En mai 1913, le Ve Congrès olympique organisé par le CIO à Lausanne donna pour la première fois la possibilité aux éclaireurs lausannois de se mettre en valeur. Pendant trois jours, du jeudi au samedi, petits et grands furent à pied d’oeuvre du matin au soir. On les vit sur les marches du grand escalier du palais de Rumines faisant la haie d’honneur lors de la séance inaugurale; sur la terrasse de l’Abbaye de l’Arc (située à l’ouest du Lausanne-Palace) surveillant les torches de résine pendant la fête sportive du jeudi soir. Mais surtout on les remarqua, durant les séances de travail, attentifs et zélés à placer chaque participant, à faire office de commission-naires, de facteurs, etc, toujours en souriant.
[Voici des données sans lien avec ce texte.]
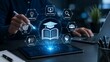 © graphicmount - Digital education interface with holographic book and graduation cap icons for online learning and virtual classroom training on a tablet screen in a dark office room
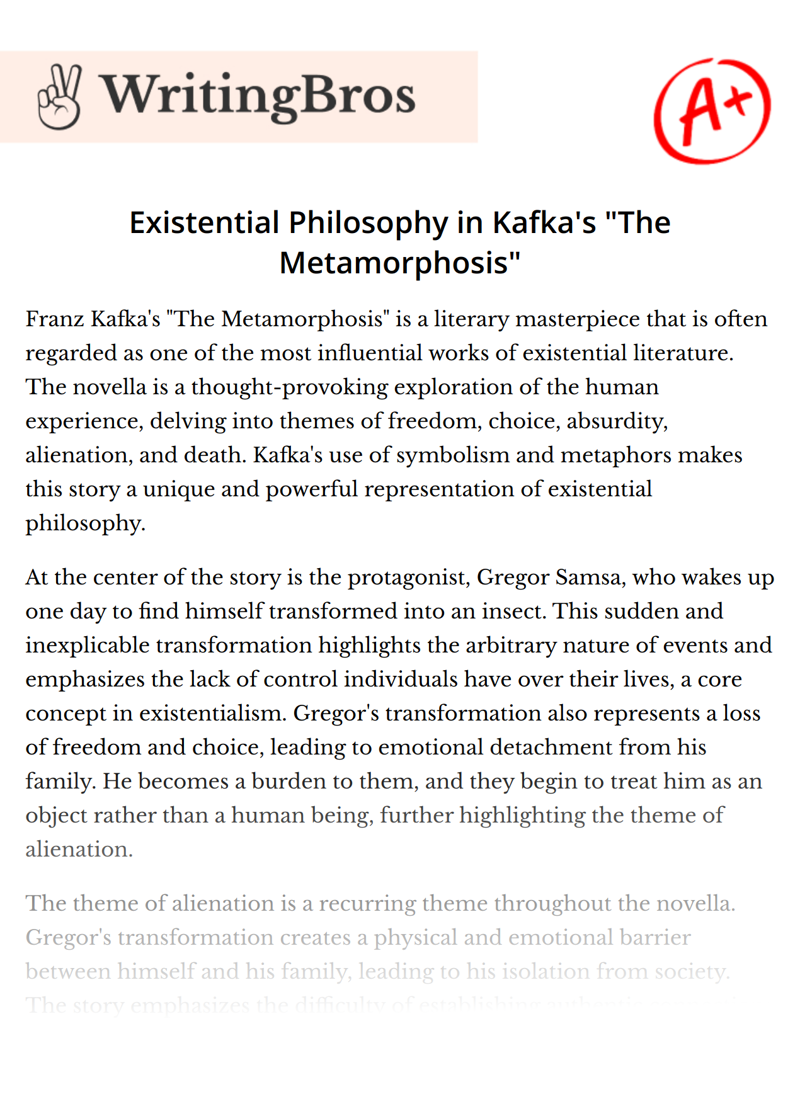 Existential Philosophy in Kafka's "The Metamorphosis" essay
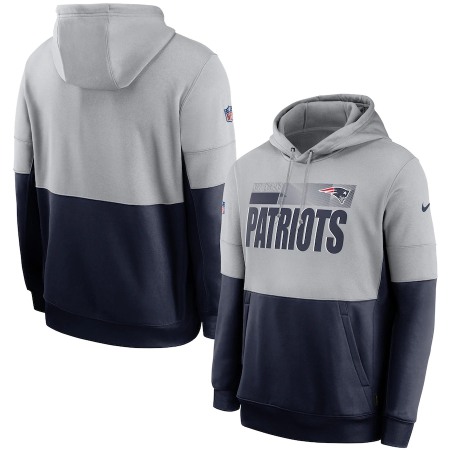 Men's New England Patriots Grey/Navy Sideline Impact Lockup Performance Pullover Hoodie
A cette occasion on jugea intéressant d’organiser un camp de démonstration en pleine ville au Pré Mercier (actuelle Avenue des Toises) près de l’Avenue de Rumine.
Le samedi, les éclaireurs de Sauvabelin rejoints par d’autres troupes lausannoises, en tout 250 garçons, sous la direction de Charles Biermann montèrent une quarantaine de tentes sur le pré. Dans le livre consacré au 75 ans de la BS, Charles. Biermann se souvient : « … nous n’avions encore que fort peu d’expérience en ce domaine et encore moins de matériel. Il fallu louer des tentes, de grand bidons à feu et apprendre à nos éclaireurs à s’en servir. C’était je pense un samedi, mais nous avions reçu congé pour la journée entière. L’après-midi, surtout vit affluer un public intéressé, mais la démonstration fut gâtée par un violent orage; sous la pluie, nous fûmes obligés de nous mettre à l’abri et nos macaronis découverts furent noyés et immangeables. ».
Le service rendu au Comité International Olympique valu à l’association des éclaireurs vaudois son drapeau cantonal offert par le baron Godefroy de Blonay, premier membre suisse du CIO.